We are in the past and the future as we chant, we are in the finished and unfinishedness of our actions, because we are moving--together. We are getting unstuck. We are realizing that the future and us aren’t done with each other, there are still things to offer. It’s not a safe meeting as we walk towards each other. The altar during Temple times was a bloody place. But, please, may we still keep arriving there...
3. V’NISLACH L’CHOL ADAHT: what happened and what’s still happening
This year, the future-ness we face is a shmita year, where we are again asked to be more still to let the land rest, to let each other rest. To forgive debts—this is a whole year to enact the release kol nidre teaches us, to imagine what spaciousness and possibility seeds when we carve out more space.
Yet Kol Nidre is a formula for bringing us into motion again. The fact that we have to break promises betrays the fact of change. Yes, we sigh, the only constant is change…we know! It is dizzying, it is hard, it means we die and those we love die. But also, it means that when we believe that everything is stuck, halted, and narrow, there is still movement, we are still moving. It is no mistake that the Chazzan’s afterword to kol nidre reminds us of Mitzrayim—Egypt—the narrow place, reminds us of the transformation from slavery to freedom. If that movement can happen, surely we can move now…the Chazzan chants that it has been this way always—the “it is too much to bear” and so I bear it.
We know that keeping a promise is difficult. But it’s hard to break a promise too, even if it's one that needs breaking...because the future has changed around us, became the present, and in that new present: perhaps a promise we made can no longer exist on the wild new ground we’re suddenly moving across.
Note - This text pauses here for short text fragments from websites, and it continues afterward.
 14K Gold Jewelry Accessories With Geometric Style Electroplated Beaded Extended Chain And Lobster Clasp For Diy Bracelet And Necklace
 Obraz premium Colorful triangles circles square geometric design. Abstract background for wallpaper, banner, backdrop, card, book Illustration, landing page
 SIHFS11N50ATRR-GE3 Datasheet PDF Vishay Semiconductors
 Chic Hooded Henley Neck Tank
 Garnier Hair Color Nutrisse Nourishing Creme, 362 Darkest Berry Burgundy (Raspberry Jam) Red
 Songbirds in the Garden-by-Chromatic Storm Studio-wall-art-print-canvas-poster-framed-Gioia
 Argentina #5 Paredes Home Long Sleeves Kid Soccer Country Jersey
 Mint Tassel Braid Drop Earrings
Kol nidre is not ensuring that we can break our promises and still be forgiven. But trying to give us the right amount of space to feel we can make promises, despite not knowing what narrowness or wide-open-ness lies ahead. Kol Nidre doesn’t invite us to be sloppy and careless, but rather nudges us to be bold knowing that we can be held if we falter… and that brave stumbling may be the only way to keep approaching the world to come.
So, in that spirit, we salute you all in your uncertain futures, with all the translations we didn’t choose (all the futures that could have been!) as we grappled with that one wild line that set off this entire path of grammatical border crossing:
May the future arrive to us as an offering!
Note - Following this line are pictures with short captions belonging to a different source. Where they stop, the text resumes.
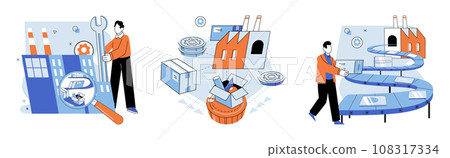 Manufacturer model. Vector illustration. The companys project management ensures timely delivery products Quality control measures are in place to maintain product standards The manufacturer model 108317334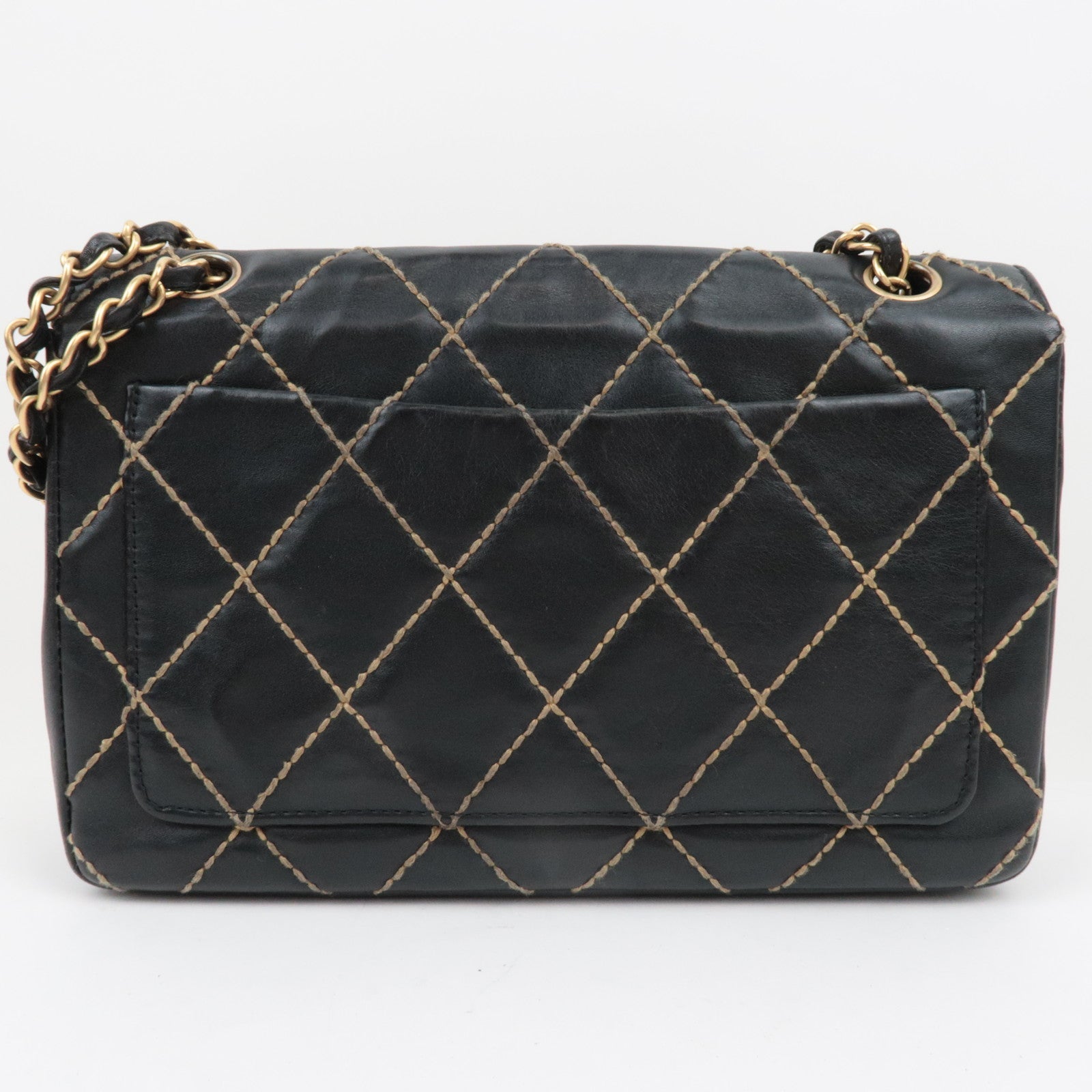 CHANEL WildStitch Leather W Chain Bag Black Gold HDW A14687 *Dust bag, G Card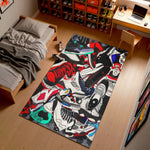 Colorful rug with shoe design on a wooden floor in a room with a bed and desk.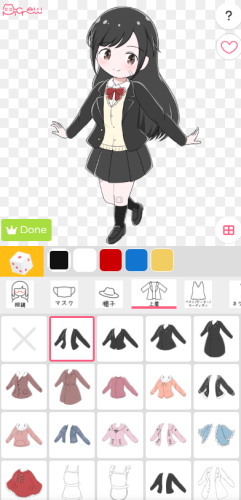 Picrew女性角色生成界面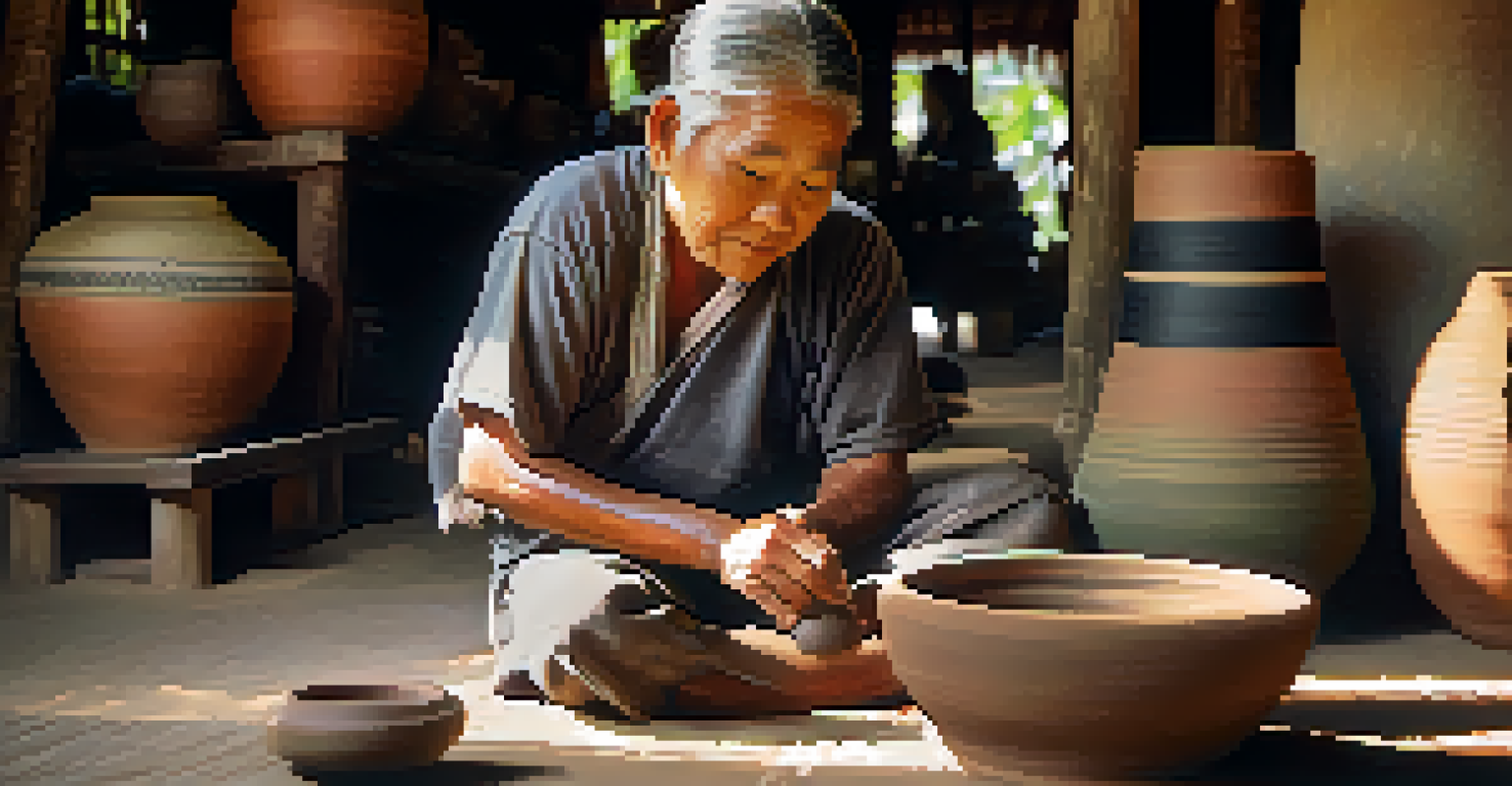 A local artisan in Chiang Mai crafting pottery, showcasing their skilled hands and natural light illuminating the scene.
May the future be ever-arriving in good time!
May that future be charged in pure potential, even when it arrives!
May the future arrive to us or us to it or... both!
May we even have a future at all… please!
May the future even want us to show our silly faces!
May we move towards that future just as it moves towards us!
May that future ever-approach us as we ever-approach it!
May the Messianic vibes be ever in your favor!
May we be placed on the same altar as the future!
May we approach the future as she peers over her shoulder!
May we bless the future as it blesses us!
The future? We come up for good!!!!!!